__TASK PROMPT__: Take the entries below and reproduce exactly the portion that begins at the line containing "Marc O Polo Damen T-Shirt, blau, Gr." and ends at the line containing "Продам изогнутый монитор", keeping both ends, dropping pictures, and adding nothing else.

__DATA FOR PROCESSING__:
____________________

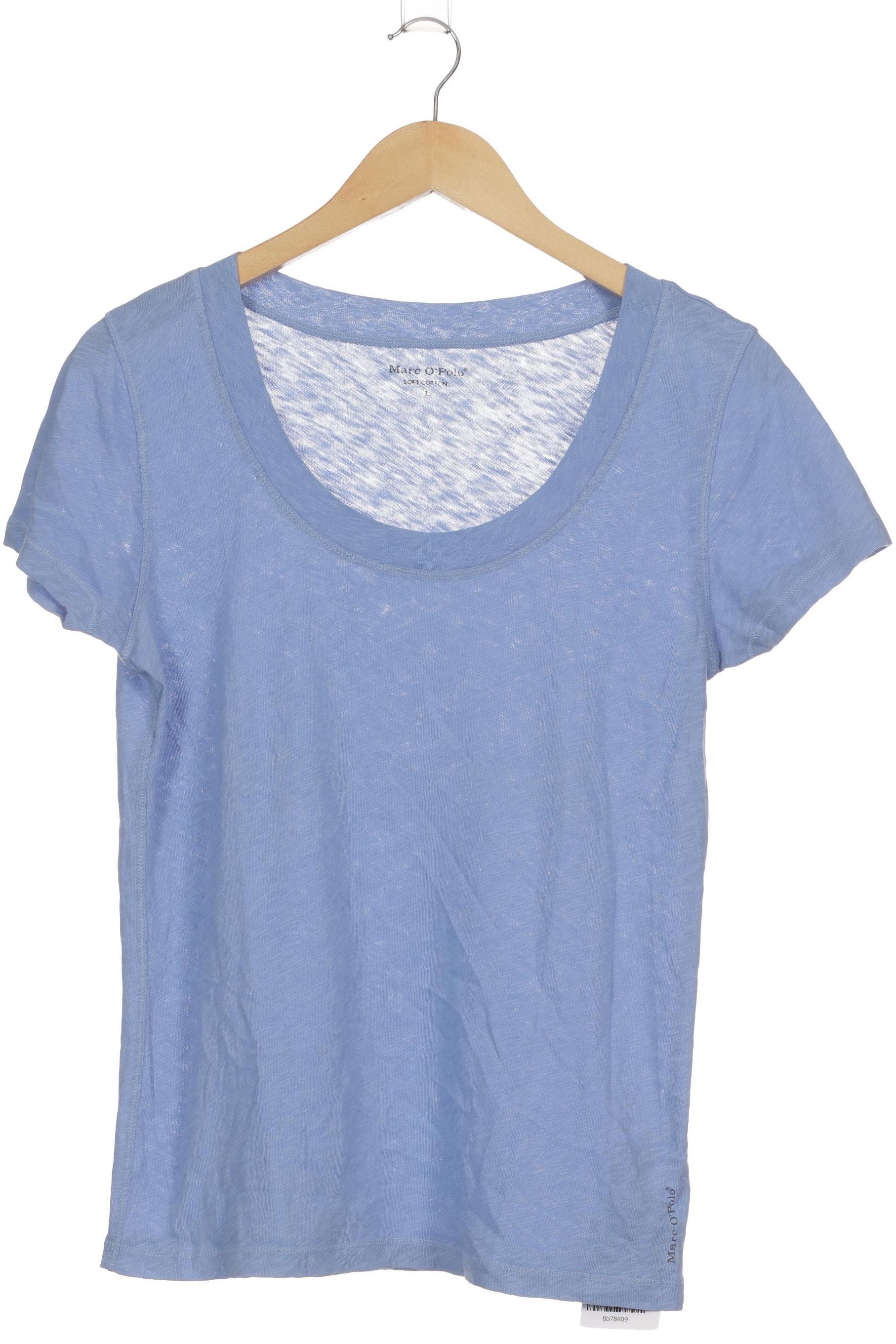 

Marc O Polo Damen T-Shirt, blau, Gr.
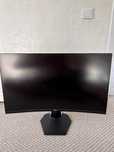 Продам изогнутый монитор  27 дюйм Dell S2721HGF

____________________

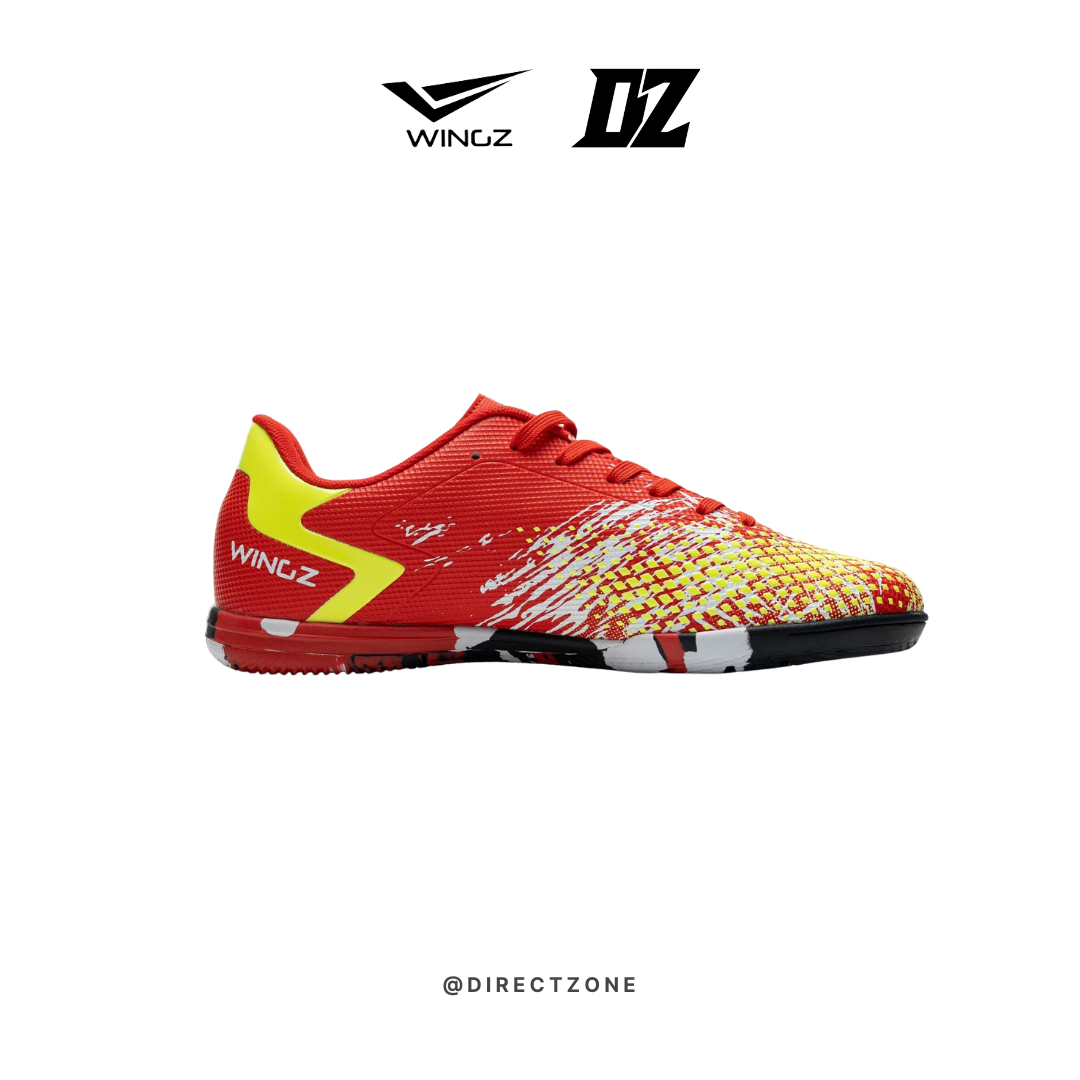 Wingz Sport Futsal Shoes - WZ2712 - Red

____________________

__EXPECTED ANSWER__:
Marc O Polo Damen T-Shirt, blau, Gr.
 Продам изогнутый монитор  27 дюйм Dell S2721HGF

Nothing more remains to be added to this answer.